Да, на земле, мы живем среди нескольких миллиардов людей, каждый из которых имеет ограниченную способность понимания и, таким образом, сумму. Со временем сумма перестанет накапливаться в какой-то момент. За более чем 100 лет со времен Планка и Эйнштейна, насколько мы продвинулись в фундаментальном понимании? Если не сильно, то признак достижения предела очевиден, как гипербола приближается к своей оси. Следует предположить прямо противоположное, т. е. научные прорывы должны были быть экспоненциальными с течением времени из-за того, что все более сложные инструменты создаются в количестве и темпе (например, с помощью компьютеров и закона Мура).

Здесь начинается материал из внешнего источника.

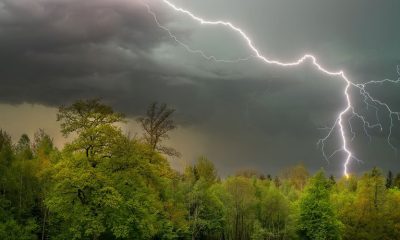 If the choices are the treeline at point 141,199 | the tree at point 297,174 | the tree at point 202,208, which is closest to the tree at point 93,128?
the treeline at point 141,199

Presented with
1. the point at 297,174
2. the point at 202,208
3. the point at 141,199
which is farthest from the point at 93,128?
the point at 297,174

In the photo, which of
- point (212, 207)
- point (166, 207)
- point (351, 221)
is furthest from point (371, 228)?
point (166, 207)

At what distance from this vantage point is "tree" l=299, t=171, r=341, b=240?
222 feet

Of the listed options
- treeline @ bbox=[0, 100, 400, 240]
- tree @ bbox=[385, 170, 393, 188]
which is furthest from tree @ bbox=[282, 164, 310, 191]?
treeline @ bbox=[0, 100, 400, 240]

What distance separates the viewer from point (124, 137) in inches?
1492

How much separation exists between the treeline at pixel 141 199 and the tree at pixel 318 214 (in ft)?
0.40

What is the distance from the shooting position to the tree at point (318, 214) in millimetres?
67812

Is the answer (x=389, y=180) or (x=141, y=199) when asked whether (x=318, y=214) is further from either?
(x=389, y=180)

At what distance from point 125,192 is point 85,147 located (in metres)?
4.04

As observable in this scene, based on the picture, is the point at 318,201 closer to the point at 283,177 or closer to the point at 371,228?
the point at 371,228

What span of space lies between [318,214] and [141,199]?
35.6 metres

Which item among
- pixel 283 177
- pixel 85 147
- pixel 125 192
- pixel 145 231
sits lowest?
pixel 145 231

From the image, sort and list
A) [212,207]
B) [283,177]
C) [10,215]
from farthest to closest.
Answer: [283,177]
[212,207]
[10,215]

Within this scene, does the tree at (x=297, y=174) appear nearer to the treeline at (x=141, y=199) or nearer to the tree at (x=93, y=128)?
the treeline at (x=141, y=199) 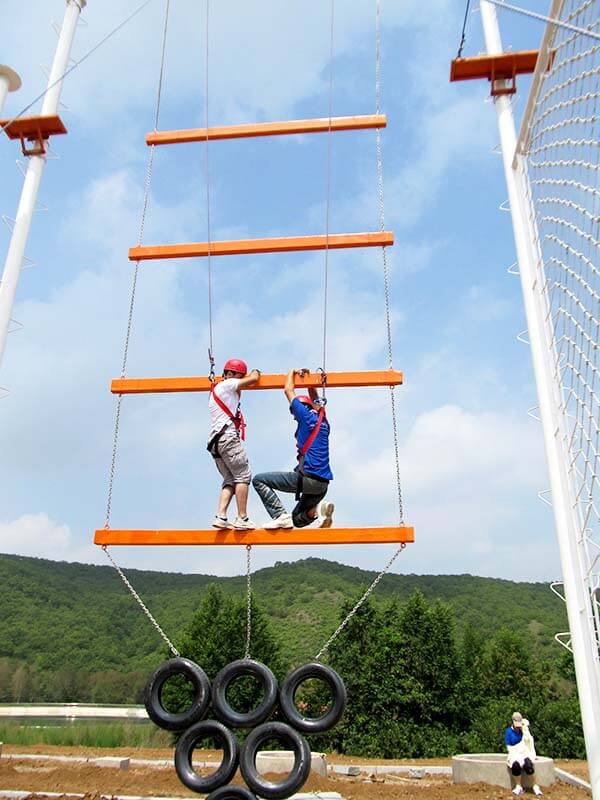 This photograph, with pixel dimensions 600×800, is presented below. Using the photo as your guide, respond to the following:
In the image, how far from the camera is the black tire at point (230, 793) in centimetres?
438

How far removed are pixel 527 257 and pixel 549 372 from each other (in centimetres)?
84

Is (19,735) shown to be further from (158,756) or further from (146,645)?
(146,645)

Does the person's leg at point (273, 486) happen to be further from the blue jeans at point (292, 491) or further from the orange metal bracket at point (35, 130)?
the orange metal bracket at point (35, 130)

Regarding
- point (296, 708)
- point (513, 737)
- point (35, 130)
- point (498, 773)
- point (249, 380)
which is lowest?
point (498, 773)

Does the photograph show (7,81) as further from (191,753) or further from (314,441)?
(191,753)

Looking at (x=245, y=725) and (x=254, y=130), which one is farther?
(x=254, y=130)

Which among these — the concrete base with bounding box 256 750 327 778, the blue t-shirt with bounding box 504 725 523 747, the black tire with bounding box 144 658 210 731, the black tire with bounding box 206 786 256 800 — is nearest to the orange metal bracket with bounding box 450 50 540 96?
the black tire with bounding box 144 658 210 731

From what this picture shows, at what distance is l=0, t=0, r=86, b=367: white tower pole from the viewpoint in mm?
6309

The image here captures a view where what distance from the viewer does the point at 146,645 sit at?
125 ft

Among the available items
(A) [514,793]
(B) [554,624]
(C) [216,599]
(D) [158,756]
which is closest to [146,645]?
(C) [216,599]

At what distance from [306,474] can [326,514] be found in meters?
0.34

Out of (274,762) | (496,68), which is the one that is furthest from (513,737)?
(496,68)

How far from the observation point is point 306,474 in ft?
17.6

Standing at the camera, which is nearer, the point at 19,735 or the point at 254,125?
the point at 254,125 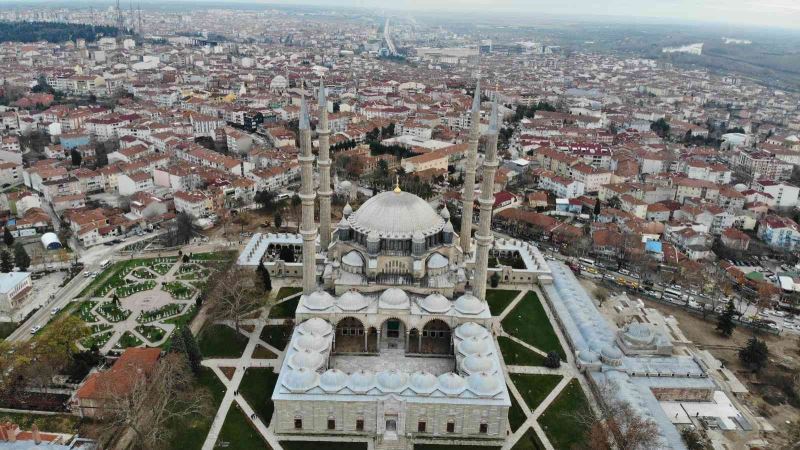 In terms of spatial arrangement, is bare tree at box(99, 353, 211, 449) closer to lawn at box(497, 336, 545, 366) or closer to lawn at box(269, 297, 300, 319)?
lawn at box(269, 297, 300, 319)

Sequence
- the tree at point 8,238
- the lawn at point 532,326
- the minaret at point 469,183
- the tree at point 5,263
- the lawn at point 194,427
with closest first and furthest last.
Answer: the lawn at point 194,427 → the lawn at point 532,326 → the minaret at point 469,183 → the tree at point 5,263 → the tree at point 8,238

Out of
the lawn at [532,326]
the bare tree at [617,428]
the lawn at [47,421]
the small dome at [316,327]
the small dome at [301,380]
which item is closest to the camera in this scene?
the bare tree at [617,428]

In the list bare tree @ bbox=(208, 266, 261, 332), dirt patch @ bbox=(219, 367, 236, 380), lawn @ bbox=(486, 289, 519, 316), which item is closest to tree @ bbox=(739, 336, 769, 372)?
lawn @ bbox=(486, 289, 519, 316)

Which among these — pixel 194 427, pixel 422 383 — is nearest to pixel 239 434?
pixel 194 427

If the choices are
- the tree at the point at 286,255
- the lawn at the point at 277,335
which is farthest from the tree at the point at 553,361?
the tree at the point at 286,255

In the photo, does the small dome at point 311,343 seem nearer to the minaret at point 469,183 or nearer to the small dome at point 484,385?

приближаемся ли мы к потолку в отношении того, что мы можем понять то, что мы можем сказать, является математически истинным, особенно если математика полностью связна, в отличие от непреклонной необходимости экспериментальной проверки ... Наоборот, математика становится все более и более сложный и неинтуитивный ... Предлагает ли абстракция математики путь дальше, чем экспериментаторы могут даже увидеть / понять?

Математика по своей природе имеет барьеры, которые вы не можете преодолеть, что подтверждается теоремой Гедле о неполноте и его более интуитивным утверждением ниже:

Поэтому неизбежен следующий дизъюнктивный вывод: либо математика неполна в том смысле, что ее очевидные аксиомы никогда не могут быть объединены в конечное правило, то есть человеческий разум (даже в области чистой математики) бесконечно превосходит способности любой конечной машины, либо существуют абсолютно неразрешимые диофантовые задачи указанного типа. . . (Гедель 1995: 310).

NB : Гедл поднял очень хорошее замечание о Разуме, но оно выходит за рамки понятия знания и требует другого обсуждения, хотя и имеет прямое отношение к тенденции Р. Пенроуза.

К какой теории мы придем, если мы готовы просто согласиться на теорию, которая вполне разумна, но находится в пределах осмысленного и разумного?

Ну, лучший инструмент, который можно использовать до сих пор, — это Math, и вы видите ограничение. Есть несколько кандидатов за пределами науки, сначала начавших с метафизики. Я нахожу философию К.С.Пейрса в семиотике и в том, что так далеко от большинства других. Удивительно, но кажется, что его избегают или держат подальше.